Pero llegó el siglo XVIII y los franceses, hartos de pasar hambre entre reyes absolutos que vivían entre oros y diamantes, se levantaron contra el poder. Y nacieron, con el trasfondo de la Ilustración, los derechos civiles, y se contempló la idea de que las personas eran algo más que esclavos al servicio del rey y de Dios. Y empezaron a nacer las primeras democracias modernas; las antiguas, las de Grecia y Roma, eran ya pasado remoto y, por supuesto, una blasfemia pagana. Y después llegó Carlos Marx diciendo aquéllo de que “la religión es el opio del pueblo”.
Sería impensable la modernidad sin los valores humanistas, que reflejan la independencia de las personas del sometimiento al poder divino, de libertad, igualdad y fraternidad; justamente los valores contrarios de sumisión, obediencia, jerarquía y tiranía que propugnan los idearios religiosos. Y sería impensable también la modernidad sin el respeto a los derechos humanos que la Carta Magna de 1.948 pretendió expandir como defensa de la dignidad humana, colectiva e individual, derechos que, por cierto, no han sido refrendados por un único Estado europeo, el Vaticano. Por algo será.
El pasado martes los actuales reyes de España, la nueva generación de monarcas que supuestamente representan la evolución de una institución tan rancia como obsoleta, se reunieron con los altos cargos de la Iglesia católica en España en la sede de la CEE, Conferencia Episcopal Española. Como en los viejos tiempos, a pesar de los pequeños atisbos del nuevo rey de respeto al laicismo constitucional, parece que la vieja y arcaica alianza entre la monarquía y la Iglesia, es decir, el poder divino y el terreno, continúa igual de ensamblada que en los siglos de oscurantismo medieval y teocrático.

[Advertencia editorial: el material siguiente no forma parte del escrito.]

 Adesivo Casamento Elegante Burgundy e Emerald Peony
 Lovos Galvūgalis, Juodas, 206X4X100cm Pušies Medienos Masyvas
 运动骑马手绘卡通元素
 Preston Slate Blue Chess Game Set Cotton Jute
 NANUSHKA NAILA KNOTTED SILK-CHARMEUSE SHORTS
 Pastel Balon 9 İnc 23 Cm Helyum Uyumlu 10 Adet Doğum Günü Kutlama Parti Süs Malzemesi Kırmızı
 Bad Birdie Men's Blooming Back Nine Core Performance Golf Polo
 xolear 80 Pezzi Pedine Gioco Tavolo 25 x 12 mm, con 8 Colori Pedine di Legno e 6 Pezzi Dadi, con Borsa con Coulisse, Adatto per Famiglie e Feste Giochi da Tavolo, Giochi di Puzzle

El señuelo era la celebración del cincuenta aniversario de la creación de esta sede principal de la Iglesia católica en España, donde se reúnen los obispos y que es la delegación directa del Vaticano en nuestro país, ahí es nada. El rey, en su discurso en el acto mencionado, ante un centenar de obispos y arzobispos, como muestra de la adhesión de la monarquía a la Iglesia, afirmó que “los españoles debemos reconocer y agradecer a la Iglesia la intensa labor asistencial que desarrolla”. Ahí queda eso! Como en la Edad Media, repito.

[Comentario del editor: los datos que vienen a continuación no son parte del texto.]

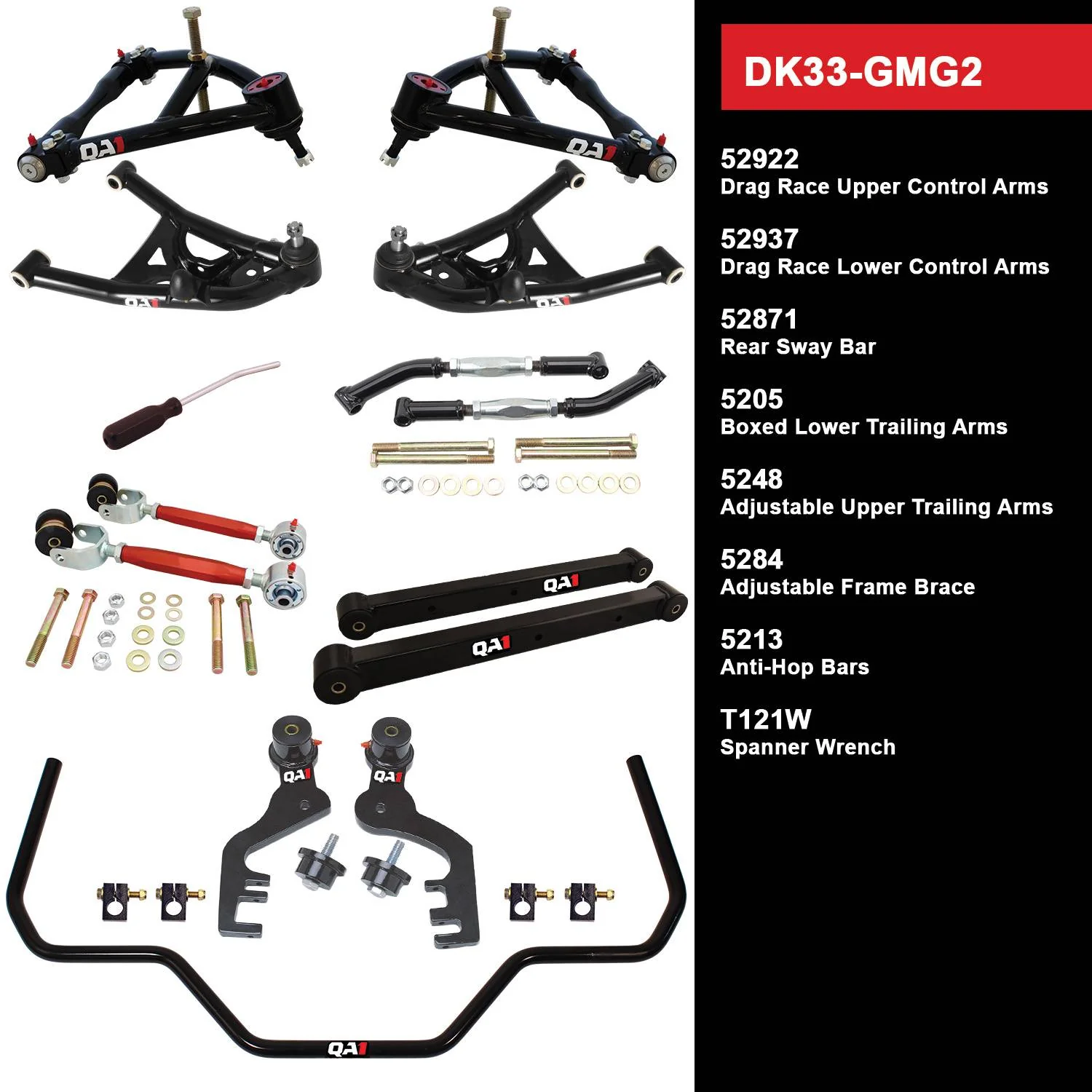 QA1 DK33-GMG2 Drag Kit Level 3 GM 1969-72 Grand Prix and 1970-72 Monte Carlo, Without Shocks
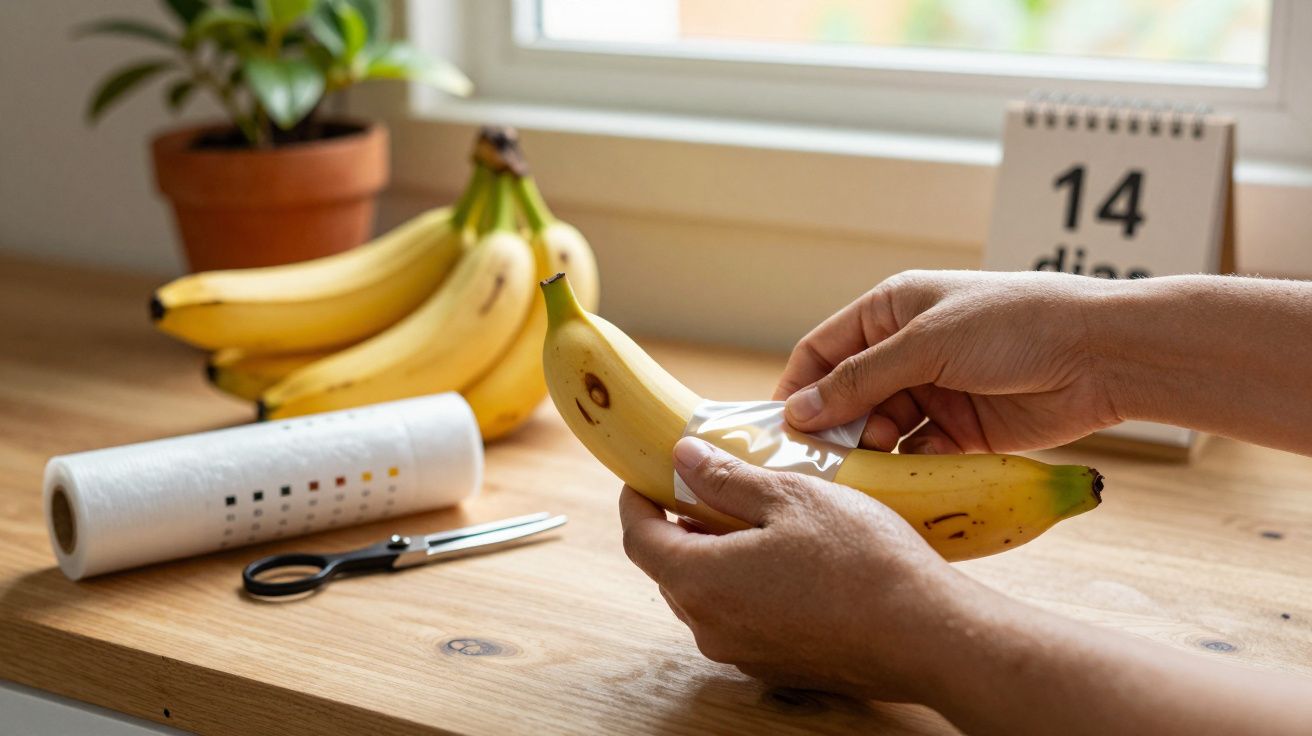 Pessoa a colocar um autocolante numa banana madura sobre uma bancada de madeira, com bananas ao fundo.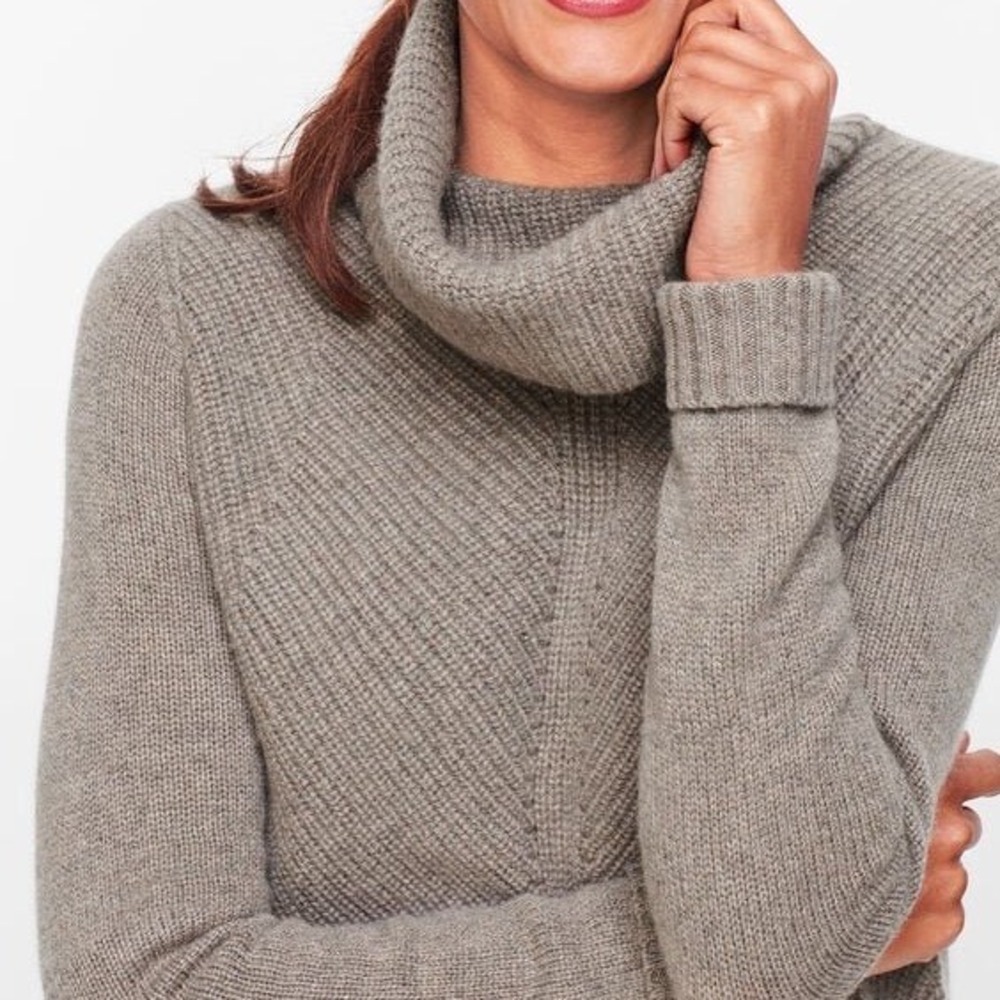 Talbots Petite Pure Cashmere Cowl‎ Neck Knit Sweater Gray Taupe Women's M
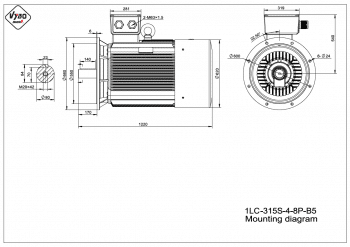 rozměrový výkres elektromotor 1LC 315S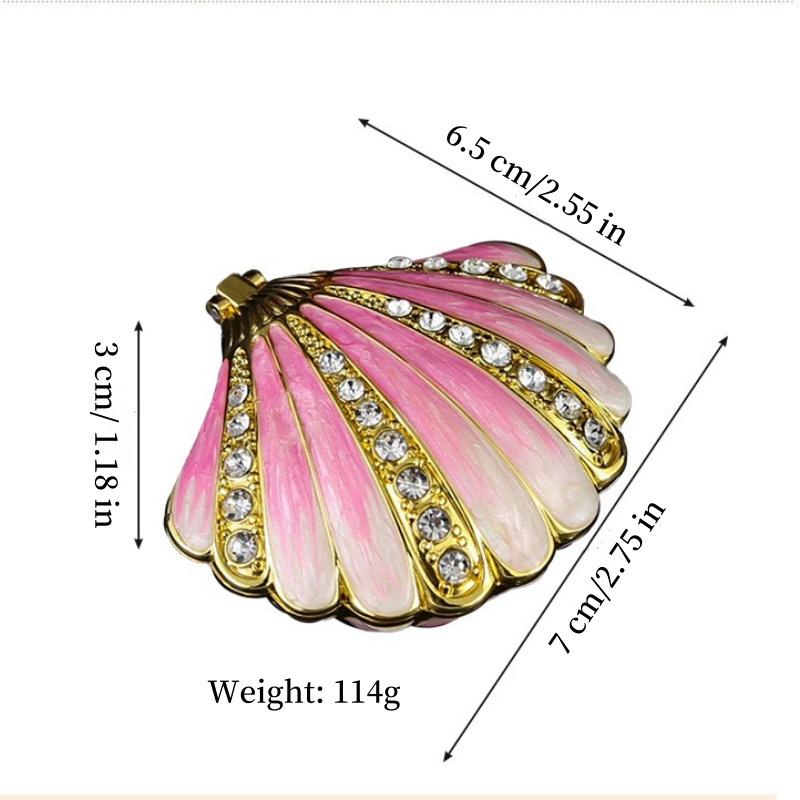 Portable Mini Jewelry Storage Box Bracelet Organizer,Embossed Shell Shape Inlaid Gem Alloy Ring Storage Jar Dresser Display Gift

Y es que quizás a su majestad le convenga acercarse a otras fuentes de información distintas a las “tradicionales”, para constatar que esa manifestación quizás no tenga un correlato muy exacto con la realidad objetiva. Al menos, convendría ponerla en duda. Porque ya pasaron los tiempos en que el librepensamiento, la búsqueda de la verdad y el conocimiento eran pecado. Porque quizás convendría, antes de aventurarse a pronunciar esa afirmación, hacer un cálculo comparativo estimado de cuánto dinero recibe la Iglesia católica en España en concepto de ayuda a obra social y cuánto se gasta la Iglesia católica, real y objetivamente, en ese concepto. Quizás la cifra resultante le dejara sorprendido a su majestad. O quizás no.
Sea como sea, la simple asistencia de los reyes a un acto confesional de ese tipo no nos deja indiferentes a muchos españoles, y no es una arbitrariedad carente de significado. Muy al contrario, percibimos que la aconfesionalidad que nos debería amparar no es tal, que la separación Iglesias y Estado sigue siendo una utopía en este país, que urge un firme compromiso de los españoles por exigir la asepsia confesional en las instituciones públicas, que, aunque hayan cambiado las formas, los viejos esquemas de uso y abuso del poder siguen vigentes, y que la laicidad se nos hace cada día más necesaria. Porque sin laicidad, como dice Sebastián Jans, no existe democracia.